Despite being vacant for years and teeming with weeds and mosquitoes, many urban residential developments in Ho Chi Minh City continue to see real estate prices rise sharply, defying logic and frustrating potential buyers.

Desolate villas, rising prices

Following VietNamNet’s previous article on the VND 6 trillion ($236 million) Cat Lai Urban Area, where opulent villas have turned into “ghost houses,” social media users shared additional accounts of underutilized urban zones in the city.

A Facebook user named Anh Nguyen, who currently lives in the area, noted several longstanding issues. The most significant is noise pollution due to the project’s proximity to a major port. In the past, residents endured blaring ship horns well past 10 p.m., which, though now somewhat reduced, still affects daily life.

The second concern is poor infrastructure. While the Citi project is mostly complete, the Pho Dong subdivision suffers from narrow roads and inconsistent planning, with several key routes still unfinished.

Access is also a problem. The primary entry is via Nguyen Thi Dinh Street, shared with container trucks, leading to frequent congestion. After 11 p.m., truck volume surges, causing safety concerns among residents.

In terms of occupancy, most land plots have owners, but very few people have moved in. Many properties are held by speculators, resulting in sparse residential activity.

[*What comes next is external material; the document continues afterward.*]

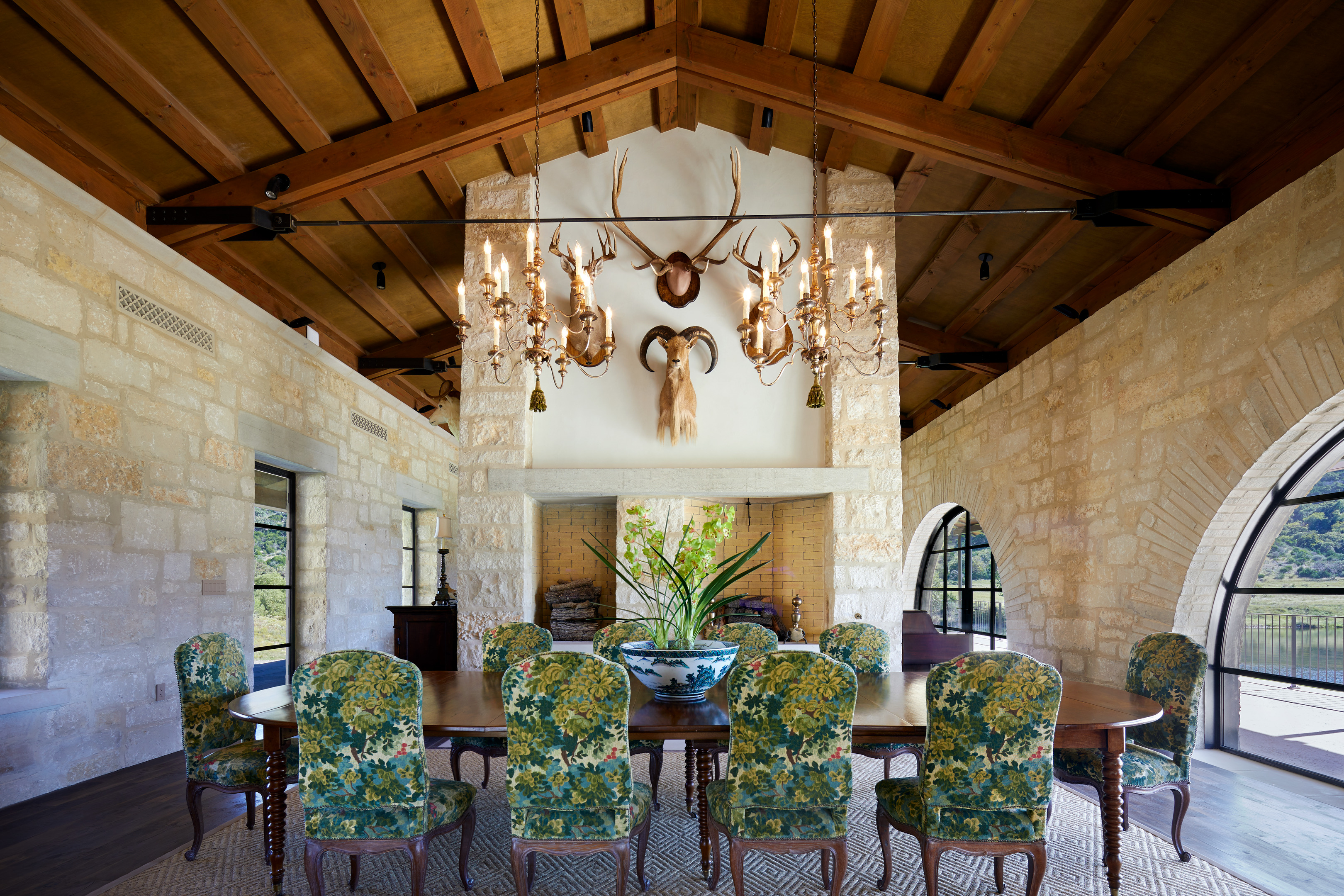 A rustic dining room at Skull Creek Ranch features a wooden ceiling, stone walls, and arched windows. A large table with floral chairs takes center stage, while chandeliers and animal mounts enhance the charm.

Another user, Nguyen Hai, commented that property prices in the area were initially attractive, appealing to nearby workers, port staff, or those relocating from Dong Nai. However, prices have since skyrocketed, making transactions increasingly difficult.

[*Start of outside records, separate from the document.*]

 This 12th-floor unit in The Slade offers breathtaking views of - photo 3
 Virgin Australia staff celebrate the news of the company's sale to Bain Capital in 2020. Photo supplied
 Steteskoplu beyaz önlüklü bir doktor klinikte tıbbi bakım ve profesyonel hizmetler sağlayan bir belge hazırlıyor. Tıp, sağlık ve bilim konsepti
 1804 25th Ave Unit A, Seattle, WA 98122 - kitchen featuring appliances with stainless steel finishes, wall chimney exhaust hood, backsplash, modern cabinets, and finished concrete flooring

The Cat Lai Urban Area, envisioned in 2010 with an investment of around VND 6 trillion (approx. $236 million), was intended to become a modern residential hub at the city’s eastern gateway. Over a decade later, many areas remain incomplete or vacant.

The area was planned to accommodate nearly 27,000 residents with a total of 6,746 homes, including 3,783 apartments (spread across 19 buildings from 5 to 25 stories), 2,072 villas, and 891 garden townhouses.

Construction continues in some sections, but most of the area is deserted. Majestic villas and garden homes are left empty, many shuttered or listed for sale and lease, affecting the overall urban landscape.

"If there’s a paradise for mosquitoes and insects, it must be in Vietnam - living in villas in ghost towns," joked Facebook user Nam Vu.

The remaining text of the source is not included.